Re: [RFC/PATH 1/2] MM: Make Page Tables Relocatable -- conditionalflush

From: Jeremy Fitzhardinge
Date: Wed Apr 30 2008 - 15:56:38 EST


Ross Biro wrote:
On Wed, Apr 30, 2008 at 1:54 PM, Jeremy Fitzhardinge <jeremy@xxxxxxxx> wrote:
Hi Ross,

These Patches make page tables relocatable for numa, memory
defragmentation, and memory hotblug. The potential need to rewalk the
page tables before making any changes causes a 1.6% peformance
degredation in the lmbench page miss micro benchmark.
So you mean the check to see if there's a migration currently in
progress? Surely that's a single test+branch?

Yup. But the page fault code is so efficient, that a test and
associated potential cache effects are noticable.

I wonder if rearranging mm_struct could put it on an already-hot cacheline?

page tables with the process will be a performance win.
I would have thought cross-node TLB misses would be a bigger factor.

That's where the traffic comes from.

I've read through this patch a couple of times so far, but I still
don't quite get it. The "why" rationale is good, but it would be nice
to have a high-level "how" paragraph which explains the overall
principle of operation. (OK, I think I see how all this fits
together now.)

There are comments in migrate.c on the how. If they are insufficient,
please indicate what you would like to see. I've been staring at the
code so long it all seems obvious to me.

Yeah, its easy for that to happen. Those comments are helpful, I was thinking very high-level things like:

* what initiates migration?
* how can an mm be under multiple levels of migration?
* ...?

Maybe the existing comments are sufficient.

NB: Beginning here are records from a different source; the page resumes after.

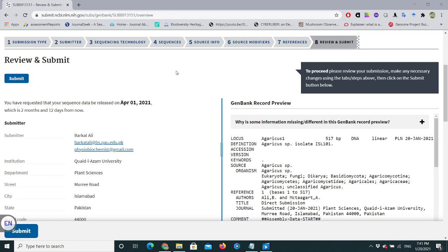So this was about how to submit nucleotide sequence data through NCBI. Hopefully this video will be useful for you, especially those who are new to sequence submission in NCBI. Thank you so much.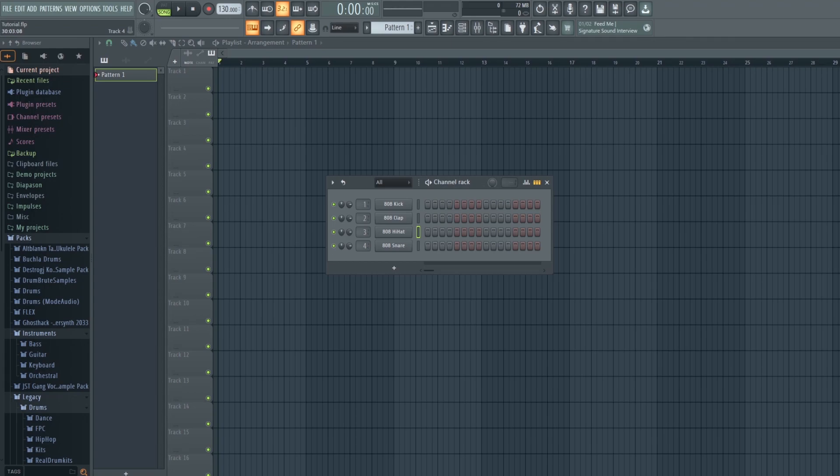G'day and welcome to my tutorial for FL Studio. Today we're gonna be running through some very basic things to get you started on your first song, or to get you in the groove if you've opened it up before, fiddled around, and had no idea what you were doing. I'll help change that.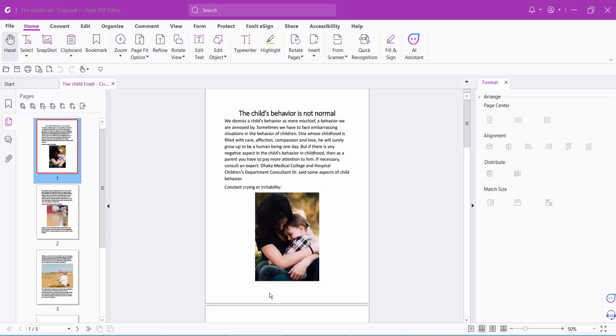Hello everyone, today I will show you how to format page numbers in a PDF file using PDF editor. This is my PDF file and I will format this page number.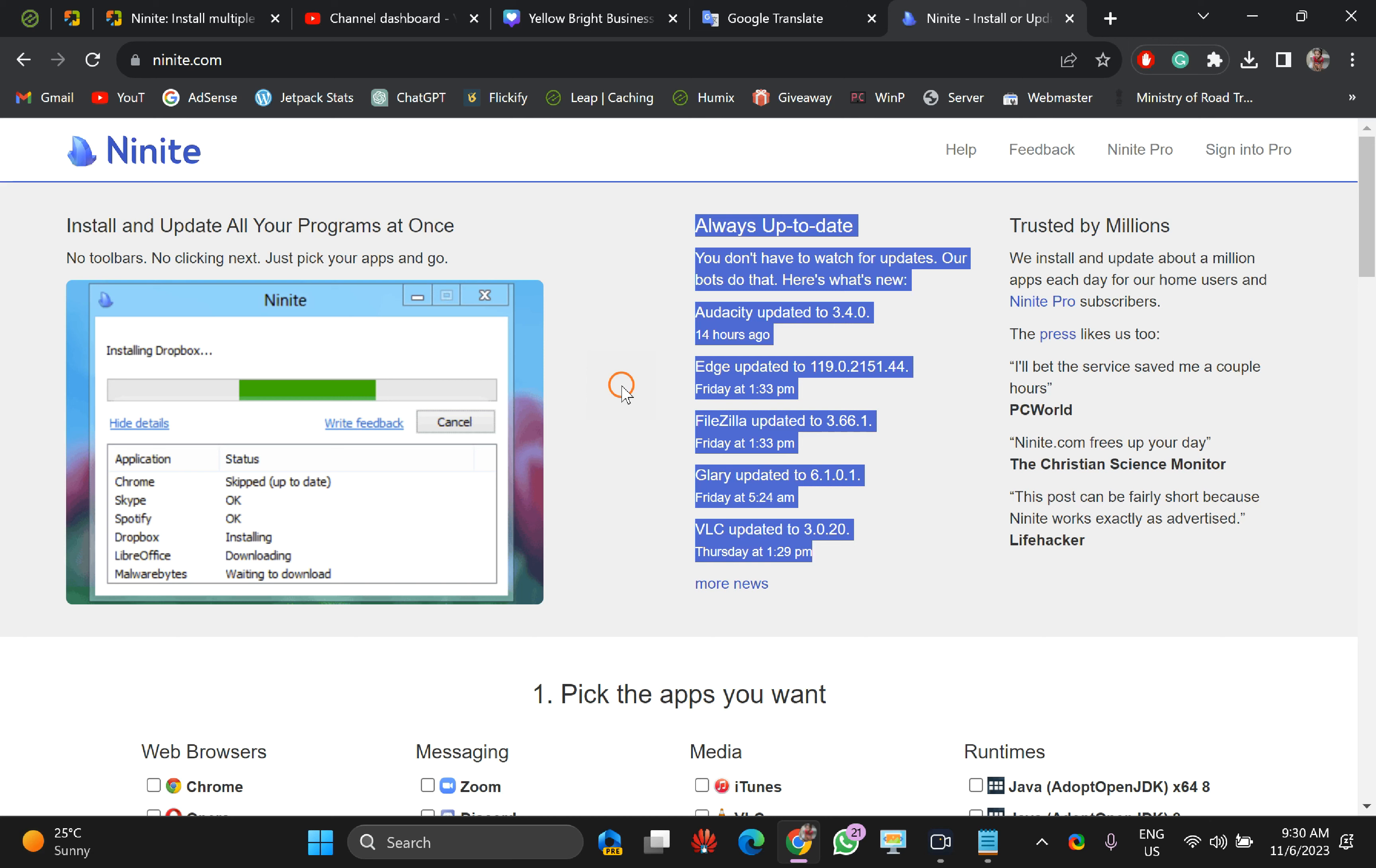Or you have formatted a single PC and want to install hundreds of software at a time without pressing next, finish, reboot, and that's all. You can avoid all this next, finish during the installation. Then Ninite is useful for you.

From looking at it, a few points to note:

- It only tries to move usermode pagetables. For the most part (at
least on x86) the kernel pagetables are fairly static (and
effectively statically allocated), but vmalloc does allocate new
kernel pagetable memory.
As a consequence, it doesn't need to worry about tlb-flushing global
pages or unlocked updates to init_mm.

Correct.

- It would be nice to explain the "delimbo" terminology. I got it in
the end, but it took me a while to work out what you meant.

I never liked the delimbo terminology, but it's the best I've been
able to come up with so far. I'm open to changing it. Otherwise I can
explain it.

Just a comment saying something like "a pagetable page is considered to be in limbo if it has been copied, but may still be in use. It may be either in a cpu's stale tlb entry, or in use by the kernel on another cpu with a transient reference." would clarify what the delimbo is trying to achieve.

Open questions in my mind:

- How does it deal with migrating the accessed/dirty bits in ptes if
cpus can be using old versions of the pte for a while after the
copy? Losing dirty updates can lose data, so explicitly addressing
this point in code and/or comments is important.

It doesn't currently. Although it's easy to fix. Just before the
free, we just have to copy the dirty bits again. Slow, but not in a
critical path.

But the issue I'm concerned about is what happens if a process writes the page, causing its cpu to mark the (old, in-limbo) pte dirty. Meanwhile someone else is scanning the pagetables looking for things to evict. It check the (shiny new) pte, finds it not dirty, and decides to evict the apparently clean page.

What, for that matter, stops a page from being evicted from under a limboed mapping? Does it get accounted for (I guess the existing tlb flushing should be sufficient to keep it under control).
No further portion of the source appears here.